### WORK INSTRUCTION
The pictures in the listing below are to be skipped, while the lines between the line holding "KHARKOV, UKRAINE - APRIL" and the line holding "Historic Wilhelmine railway", inclusive, are to be output exactly.
---------- EXERCISE MATERIALS ----------
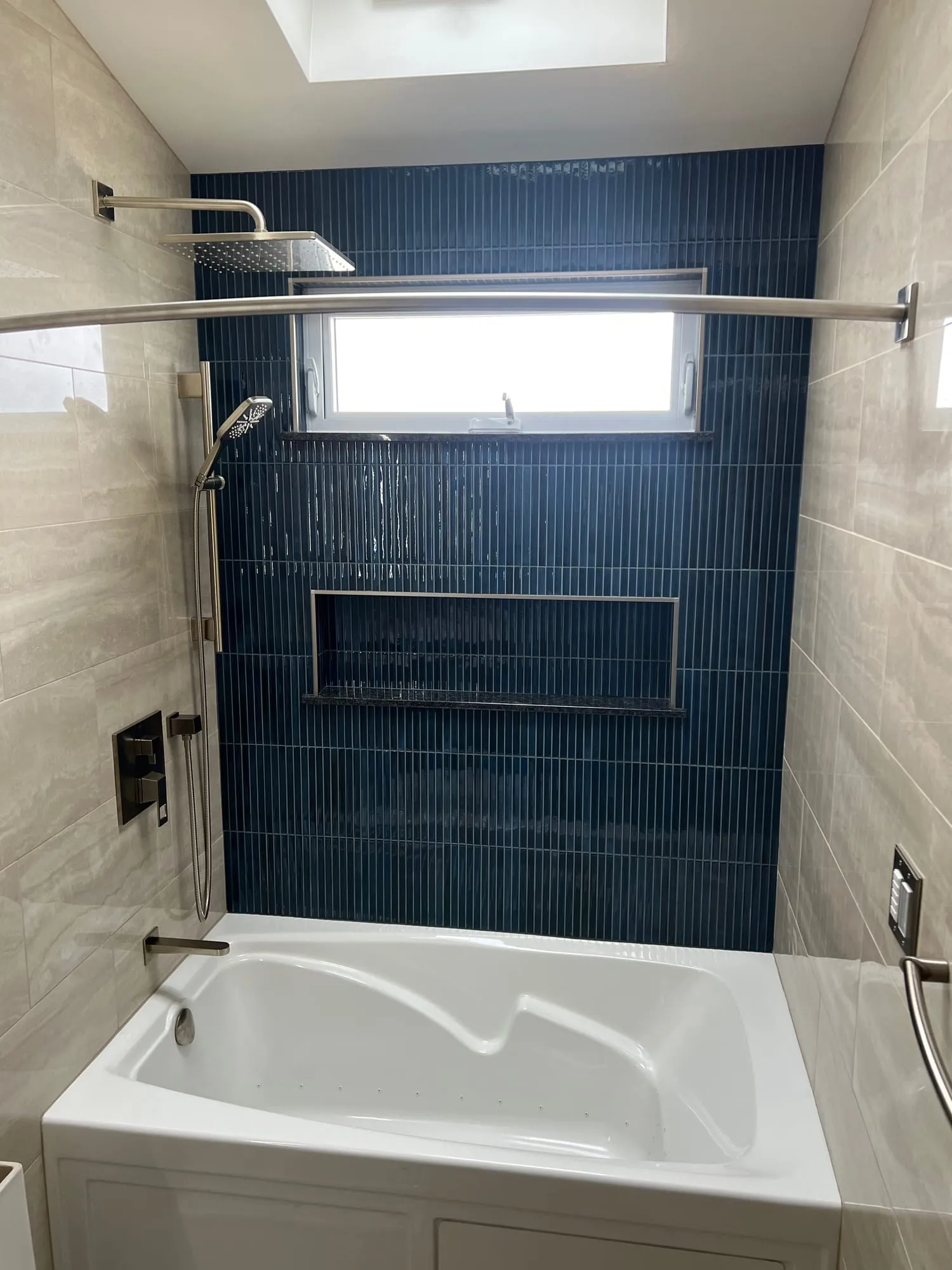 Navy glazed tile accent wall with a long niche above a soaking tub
----------
---------- EXERCISE MATERIALS ----------
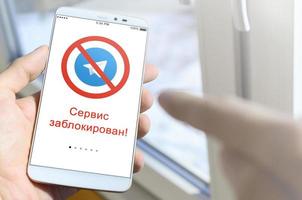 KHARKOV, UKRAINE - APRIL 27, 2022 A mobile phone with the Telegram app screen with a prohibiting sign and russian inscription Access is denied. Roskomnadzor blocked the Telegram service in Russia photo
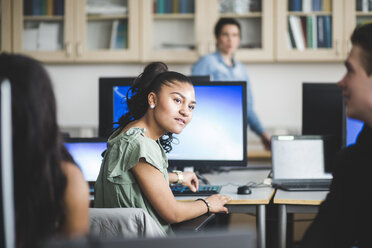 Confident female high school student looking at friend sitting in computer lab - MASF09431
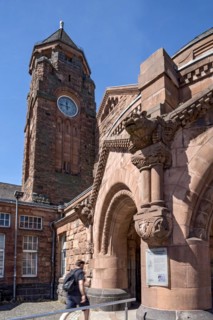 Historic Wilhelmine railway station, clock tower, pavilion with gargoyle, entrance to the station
----------
---------- EXERCISE MATERIALS ----------
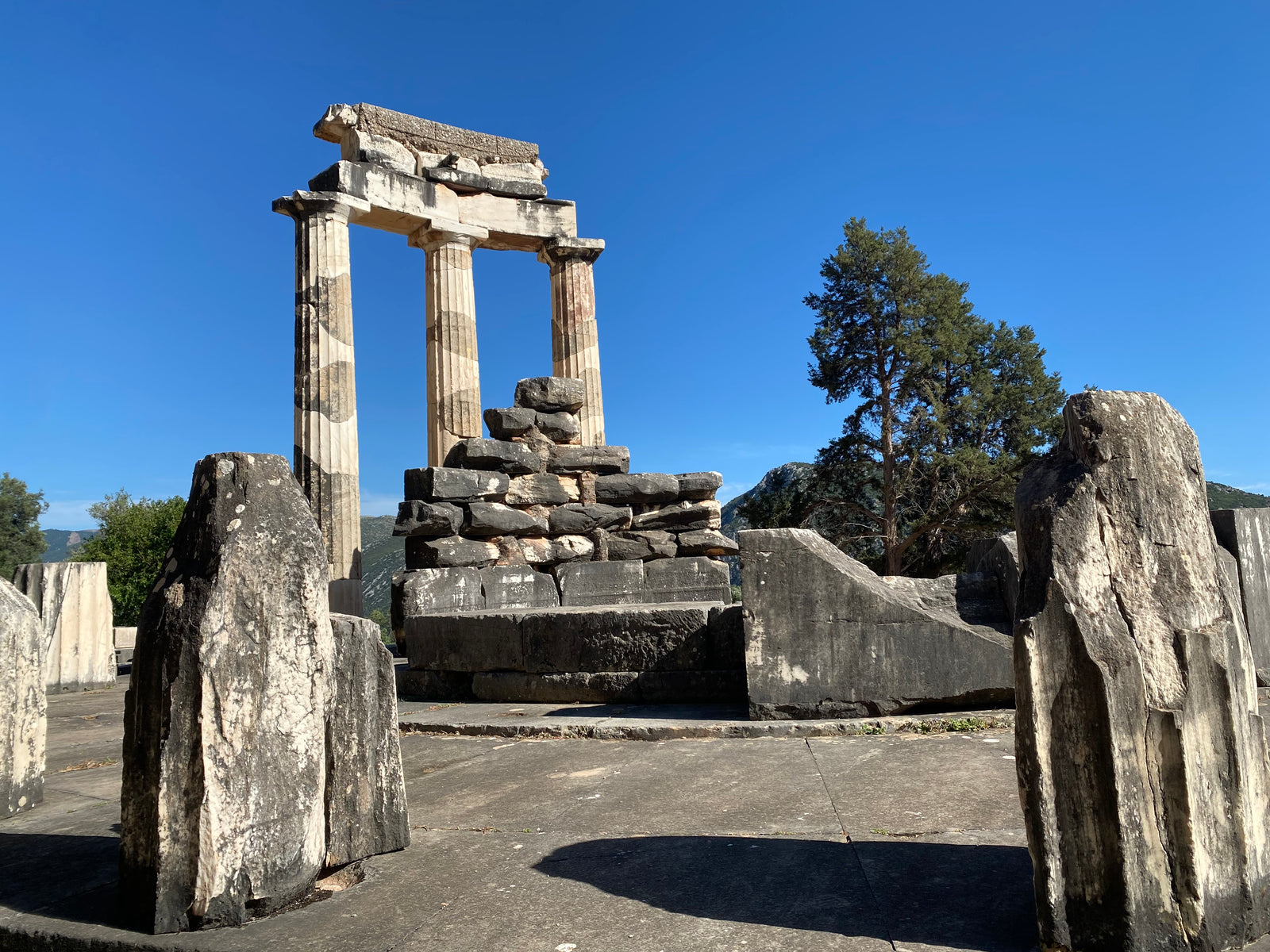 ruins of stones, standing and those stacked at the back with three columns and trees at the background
----------
### WRITTEN REPLY
 KHARKOV, UKRAINE - APRIL 27, 2022 A mobile phone with the Telegram app screen with a prohibiting sign and russian inscription Access is denied. Roskomnadzor blocked the Telegram service in Russia photo
 Confident female high school student looking at friend sitting in computer lab - MASF09431
 Historic Wilhelmine railway station, clock tower, pavilion with gargoyle, entrance to the station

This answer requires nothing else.